Records from a data source:
--- --- ---

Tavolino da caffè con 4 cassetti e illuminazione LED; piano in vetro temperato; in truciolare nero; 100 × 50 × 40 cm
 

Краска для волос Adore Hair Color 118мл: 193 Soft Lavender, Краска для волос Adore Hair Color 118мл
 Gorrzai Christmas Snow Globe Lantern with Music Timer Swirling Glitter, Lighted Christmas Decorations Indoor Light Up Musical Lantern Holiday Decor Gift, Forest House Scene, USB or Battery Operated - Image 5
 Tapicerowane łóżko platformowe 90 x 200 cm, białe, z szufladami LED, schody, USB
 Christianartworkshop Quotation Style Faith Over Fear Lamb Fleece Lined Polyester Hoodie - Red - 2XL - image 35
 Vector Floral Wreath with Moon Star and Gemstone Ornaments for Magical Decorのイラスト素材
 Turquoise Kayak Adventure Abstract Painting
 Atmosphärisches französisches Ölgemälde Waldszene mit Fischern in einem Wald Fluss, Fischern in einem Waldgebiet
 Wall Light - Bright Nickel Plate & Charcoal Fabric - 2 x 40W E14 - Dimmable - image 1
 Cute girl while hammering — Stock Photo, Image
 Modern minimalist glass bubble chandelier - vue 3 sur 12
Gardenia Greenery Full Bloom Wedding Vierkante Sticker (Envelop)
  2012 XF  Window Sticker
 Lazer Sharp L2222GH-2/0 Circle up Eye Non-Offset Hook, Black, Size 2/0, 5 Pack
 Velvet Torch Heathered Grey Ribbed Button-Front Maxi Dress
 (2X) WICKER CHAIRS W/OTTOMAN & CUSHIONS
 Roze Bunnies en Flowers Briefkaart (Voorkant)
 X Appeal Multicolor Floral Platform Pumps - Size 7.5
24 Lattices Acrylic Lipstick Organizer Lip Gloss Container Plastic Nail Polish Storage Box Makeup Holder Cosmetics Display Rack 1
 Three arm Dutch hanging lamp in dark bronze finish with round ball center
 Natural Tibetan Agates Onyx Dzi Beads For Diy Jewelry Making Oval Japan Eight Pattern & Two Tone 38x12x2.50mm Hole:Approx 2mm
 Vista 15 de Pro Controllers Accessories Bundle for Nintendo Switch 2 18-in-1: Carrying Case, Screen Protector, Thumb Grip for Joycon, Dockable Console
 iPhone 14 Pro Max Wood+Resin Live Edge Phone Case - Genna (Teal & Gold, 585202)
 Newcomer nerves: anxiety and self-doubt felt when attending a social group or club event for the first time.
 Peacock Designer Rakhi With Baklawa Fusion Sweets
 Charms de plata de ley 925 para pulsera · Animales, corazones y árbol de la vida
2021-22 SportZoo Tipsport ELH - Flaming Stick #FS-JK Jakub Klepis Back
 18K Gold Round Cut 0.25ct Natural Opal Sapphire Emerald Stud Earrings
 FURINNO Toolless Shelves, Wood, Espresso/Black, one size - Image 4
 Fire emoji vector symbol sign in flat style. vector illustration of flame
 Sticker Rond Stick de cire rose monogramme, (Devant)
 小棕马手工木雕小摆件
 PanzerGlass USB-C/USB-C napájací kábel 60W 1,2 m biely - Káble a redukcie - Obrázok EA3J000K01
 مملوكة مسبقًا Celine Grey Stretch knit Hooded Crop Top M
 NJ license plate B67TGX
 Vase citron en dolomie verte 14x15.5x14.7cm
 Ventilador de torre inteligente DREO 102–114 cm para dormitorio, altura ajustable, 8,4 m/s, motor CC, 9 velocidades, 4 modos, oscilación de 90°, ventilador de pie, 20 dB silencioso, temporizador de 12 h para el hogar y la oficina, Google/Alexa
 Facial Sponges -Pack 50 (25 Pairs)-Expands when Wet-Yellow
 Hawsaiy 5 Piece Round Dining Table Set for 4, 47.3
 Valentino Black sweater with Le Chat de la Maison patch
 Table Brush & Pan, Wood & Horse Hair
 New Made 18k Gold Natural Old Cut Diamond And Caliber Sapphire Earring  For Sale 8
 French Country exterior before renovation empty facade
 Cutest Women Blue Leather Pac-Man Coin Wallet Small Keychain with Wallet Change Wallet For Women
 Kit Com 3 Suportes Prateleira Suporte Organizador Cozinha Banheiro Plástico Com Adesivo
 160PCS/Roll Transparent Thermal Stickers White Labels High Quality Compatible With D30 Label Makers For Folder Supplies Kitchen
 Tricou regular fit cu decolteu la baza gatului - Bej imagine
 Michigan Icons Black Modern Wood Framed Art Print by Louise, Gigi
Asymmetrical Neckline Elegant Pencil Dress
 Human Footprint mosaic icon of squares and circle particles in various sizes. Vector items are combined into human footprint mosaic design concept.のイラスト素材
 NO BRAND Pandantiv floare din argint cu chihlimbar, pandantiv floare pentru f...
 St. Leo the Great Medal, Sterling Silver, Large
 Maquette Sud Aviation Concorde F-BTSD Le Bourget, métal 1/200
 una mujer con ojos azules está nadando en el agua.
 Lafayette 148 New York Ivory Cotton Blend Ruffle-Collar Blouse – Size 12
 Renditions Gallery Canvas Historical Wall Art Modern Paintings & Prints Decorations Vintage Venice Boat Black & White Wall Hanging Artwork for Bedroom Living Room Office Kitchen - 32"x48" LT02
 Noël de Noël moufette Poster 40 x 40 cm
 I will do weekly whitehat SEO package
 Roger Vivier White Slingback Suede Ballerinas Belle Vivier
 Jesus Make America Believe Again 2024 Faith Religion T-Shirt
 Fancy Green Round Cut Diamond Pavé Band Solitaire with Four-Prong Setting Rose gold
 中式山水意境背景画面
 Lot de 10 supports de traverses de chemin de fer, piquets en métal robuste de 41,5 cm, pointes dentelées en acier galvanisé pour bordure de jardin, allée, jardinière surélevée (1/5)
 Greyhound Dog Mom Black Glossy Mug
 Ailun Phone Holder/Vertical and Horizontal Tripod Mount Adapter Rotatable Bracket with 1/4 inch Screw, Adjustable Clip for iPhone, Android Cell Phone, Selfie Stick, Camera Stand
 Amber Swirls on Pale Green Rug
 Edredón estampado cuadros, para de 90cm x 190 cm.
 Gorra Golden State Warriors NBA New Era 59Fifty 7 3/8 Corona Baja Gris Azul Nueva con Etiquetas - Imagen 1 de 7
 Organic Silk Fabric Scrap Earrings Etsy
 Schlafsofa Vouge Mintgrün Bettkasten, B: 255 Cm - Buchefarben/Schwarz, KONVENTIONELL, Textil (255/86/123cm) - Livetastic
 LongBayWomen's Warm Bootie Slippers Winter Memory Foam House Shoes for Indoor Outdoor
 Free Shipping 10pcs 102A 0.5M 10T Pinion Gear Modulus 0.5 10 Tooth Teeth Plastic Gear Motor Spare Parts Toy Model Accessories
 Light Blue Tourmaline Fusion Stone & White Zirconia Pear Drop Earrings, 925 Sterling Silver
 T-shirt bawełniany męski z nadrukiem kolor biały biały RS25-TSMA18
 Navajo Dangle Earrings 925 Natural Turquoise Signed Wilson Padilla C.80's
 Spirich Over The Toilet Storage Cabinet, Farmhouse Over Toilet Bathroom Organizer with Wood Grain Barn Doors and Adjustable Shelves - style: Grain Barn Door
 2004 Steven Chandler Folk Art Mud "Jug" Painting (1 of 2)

--- --- ---

What the task requires:
Search the data above for the string "Dress" and return every line that has it.

Result for this task:
 Velvet Torch Heathered Grey Ribbed Button-Front Maxi Dress
Asymmetrical Neckline Elegant Pencil Dress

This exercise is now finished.